Teusaquillo es un barrio tradicional de Bogotá. Allí el gobierno instaló varios albergues para reinsertados. La comunidad rechazó desde el principio la medida, pues afirman que va en contra de la seguridad y de la tranquilidad del sector.
Hace algunos años, el mismo Teusaquillo era el sitio predilecto para las casas de prostitución. La amplitud de las casas, el número de habitaciones y la ubicación hicieron del barrio el sitio más apropiado para las casas de lenocinio en los años 90. No hay antecedentes de que los vecinos se hayan unido para estigmatizar a las prostitutas ni a los proxenetas, ni que hayan señalado esta actividad como un imán para atraer la inseguridad y los disturbios a la zona, cosa que era completamente cierta en su momento.

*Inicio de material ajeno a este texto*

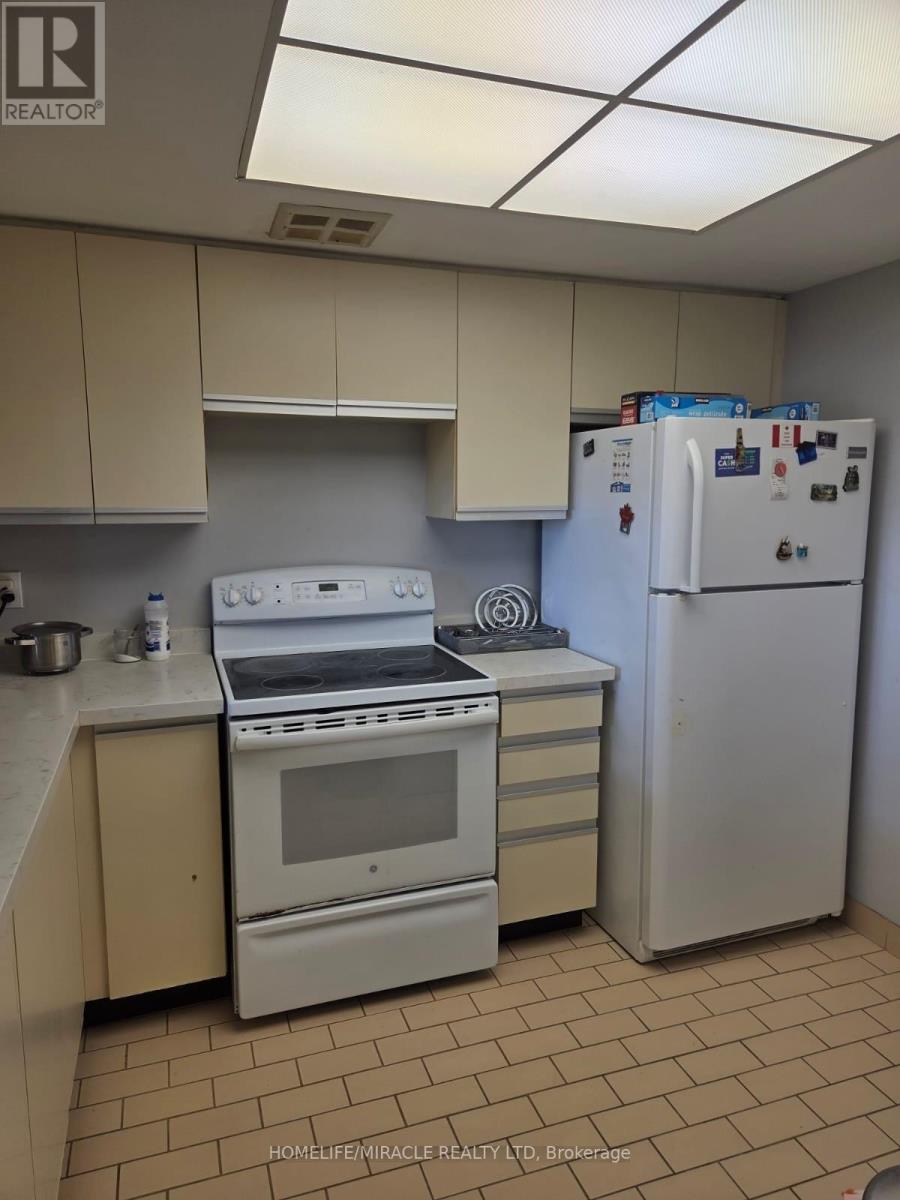 1409 - 300 Webb Drive, Mississauga, Ontario  L5B 3W3 - Photo 15 - W12721002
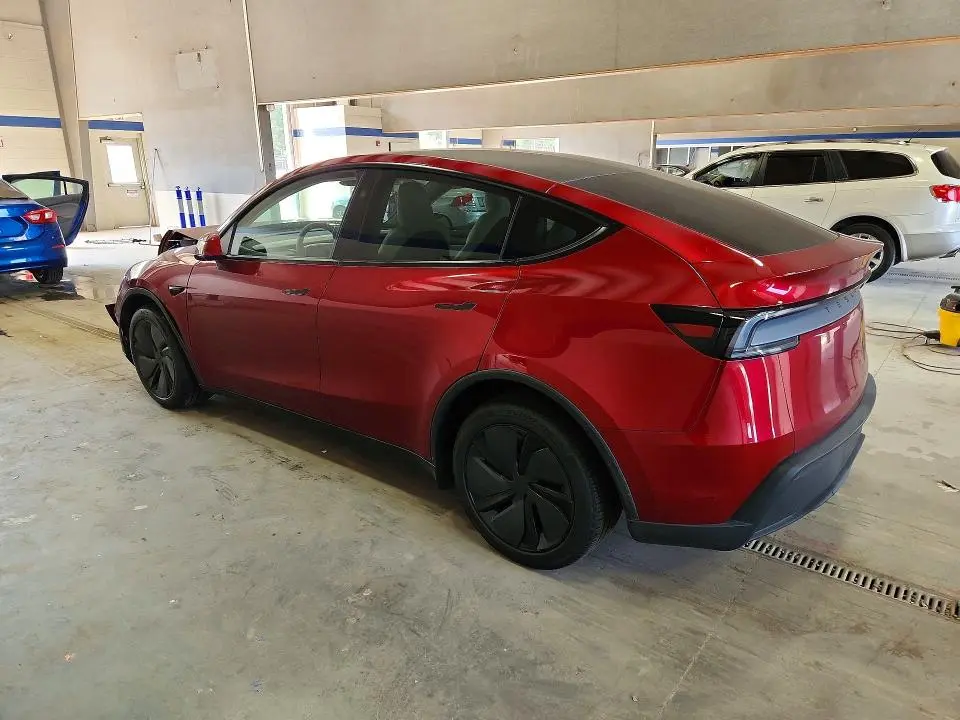 2026 TESLA MODEL Y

Ahora funcionan universidades, bares, cantinas, tabernas y tabernitas: el ruido y los ladrones que quieren conseguir una víctima para el atraco o el paseo millonario, deambulan a diario por las calles de Teusaquillo. Parece que eso tampoco molesta a los vecinos.La tensa situación que se vive hoy con los reinsertados, demuestra el escaso compromiso de la nación y la nula preparación de los colombianos para enfrentar un proceso de paz y sus consecuencias. Cuando a alguien le preguntan qué quiere para el país, inmediatamente responde que la paz. Linda palabra sin ningún contenido. Porque la tan mentada paz requiere de esfuerzo, de inversión y de tolerancia, entre otros temas.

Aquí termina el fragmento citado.